Mr. Justice VAN DEVANTER delivered the opinion of the Court.
These two cases are practically but one. The matter in controversy is the constitutional validity of an order of the Public Service Commission of Pennsylvania requiring the People’s Natural Gas Company to continue its prior practice of supplying natural gas to another company at Johnstown for sale to consumers in that city. On successive appeals to the Superior Court and the Supreme Court of the state the People’s Company challenged the order as directly regulating and burdening interstate commerce and depriving the company of property without due process of law in violation of constitutional restraints on state action; but both contentions were overruled and the order was sustained. 79 Pa. Super. Ct. 560; 123 A. ,799, 279 Pa. 252. On these writs of error the company relies only on the contention that the order is a forbidden interference with interstate commerce.

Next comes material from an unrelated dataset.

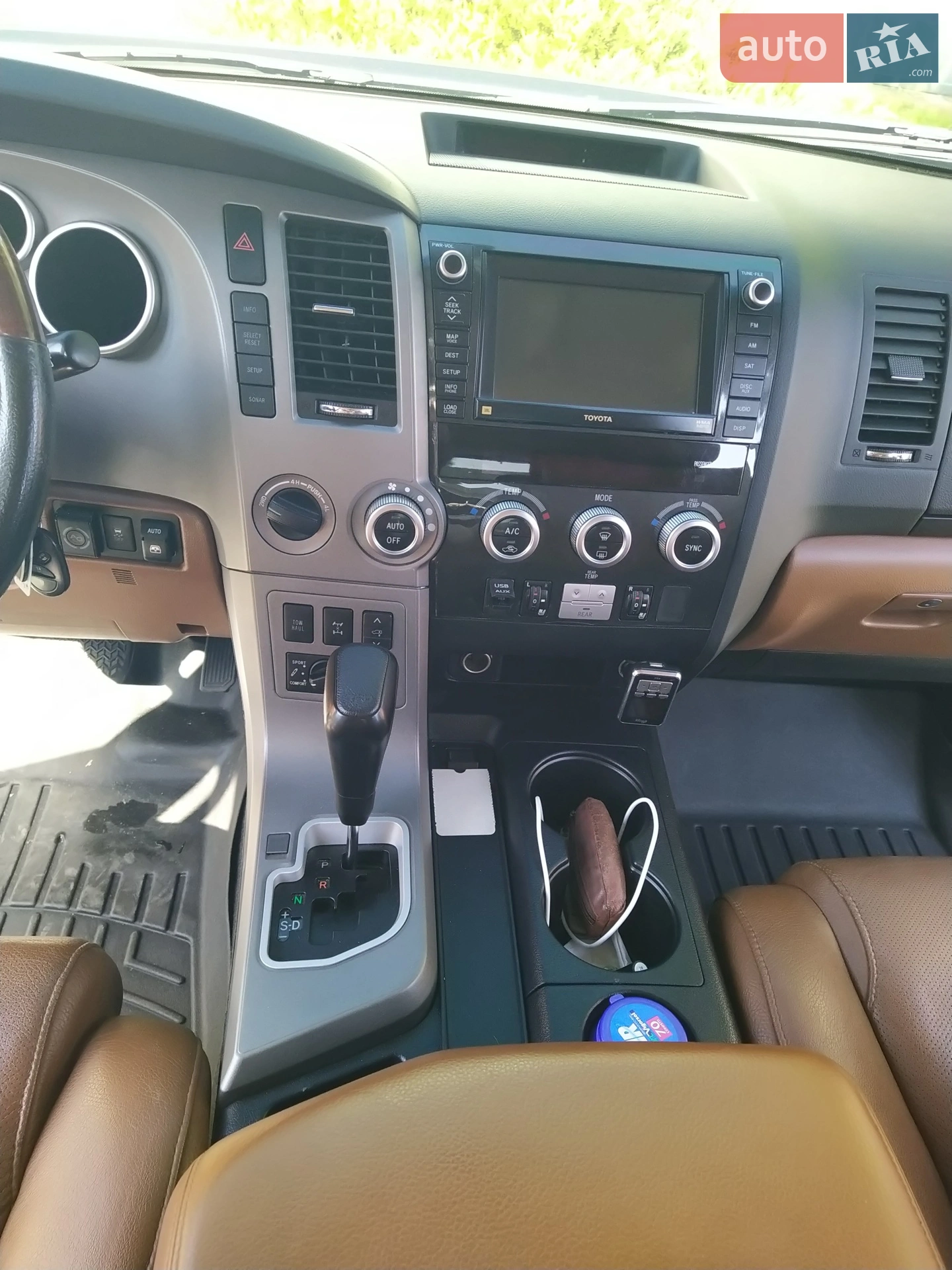 2012 Toyota Sequoia - мініатюра 8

The People’s Company is a public service corporation created under the laws of Pennsylvania, and engaged in producing, purchasing, transporting by pipe line, and selling natural gas. It purchases about two-thirds of the gas which it transports and sells from a producing company in West Virginia having pipe lines leading from wells in that state to the boundary between the two states, and it produces the other one-third from its own wells in the southwestern counties of Pennsylvania. It has a system of pipe lines in Pennsylvania, which is connected at the state boundary with the lines of the West Virginia company, and leads thence to Pittsburgh, Johnstown, and other Pennsylvania cities and boroughs, where it sells the gas. The gas coming from West Virginia is transported, through the pipe lines as connected at the state boundary, in a continuous stream from the places of production in one state to those of consumption in the other. At the state boundary that gas passes through a registering meter, and that point is treated as the place of delivery to the People’s Company; but the transportation is not interrupted there. The gas from the company’s wells in Pennsylvania is fed into the moving stream at different points after it crosses the state boundary. The movement of the stream towards the points of destination is accelerated by means of pumps in Pennsylvania-one near the state line and one remote from it.

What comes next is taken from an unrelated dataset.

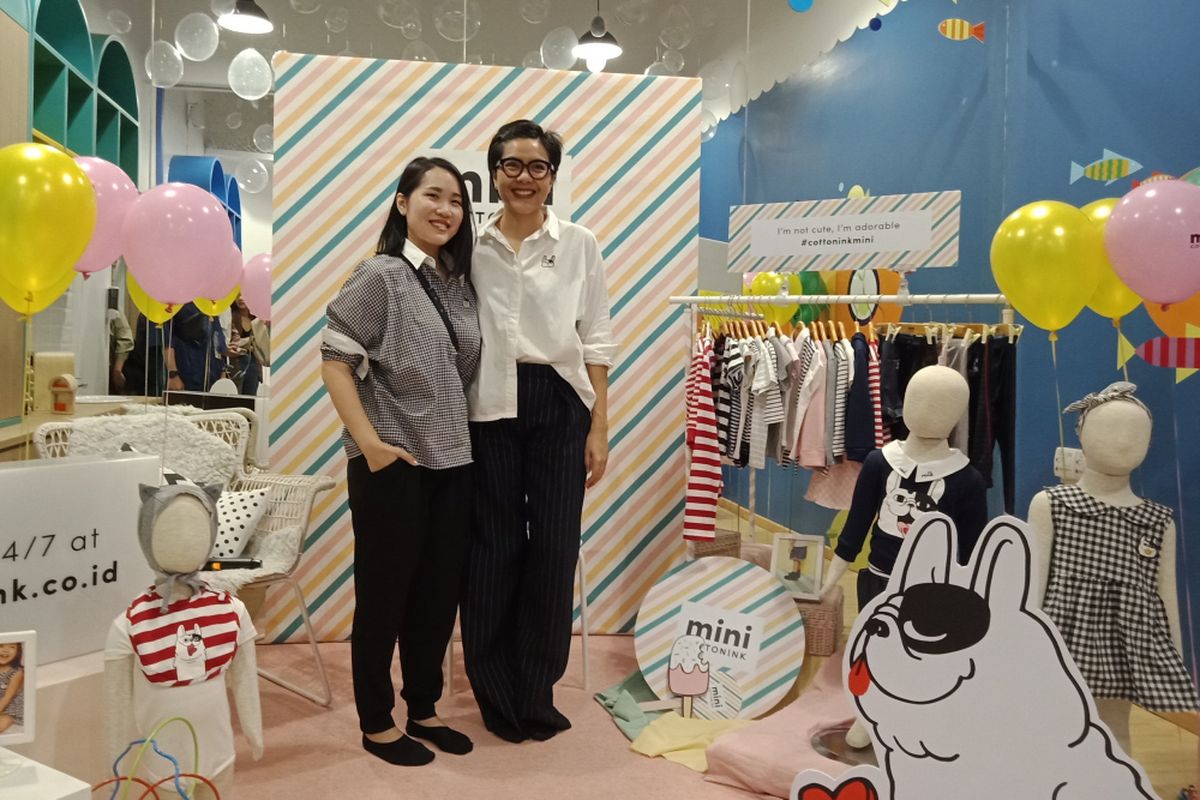 Creative Director COTTONINK Carline Darjanto dan Brand & Marketing Director COTTONINK, Ria Sarwono dalam peluncuran COTTONINK Mini di Buumi Playscape, Pacific Place Mall, Rabu (2/5/2018).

The People’s Company sells directly to consumers at the several places of consumption. other than Johnstown, and there it sells to an independent company, having a local franchise and distributing plant, which sells to consumers. For upwards of 10 years the gas sold to that company was supplied under a contract, but when the order in question was made the People’s Company had exercised a reserved privilege of terminating the contract; and the commission, in making the order, proceeded on the theory that the People’s Company is a public service corporation, and may be required, irrespective of the terms of the contract, to continue supplying gas to the local company, and thus to continue its indirect service to Johnstown consumers. The order does not fix the rate for this service, but contemplates that it shall be fixed primarily by a schedule to be filed by the People’s Company and shall be subject to supervision by the commission as respects its reasonableness.
In the state courts the cases had many features which are immaterial here and need not be noticed.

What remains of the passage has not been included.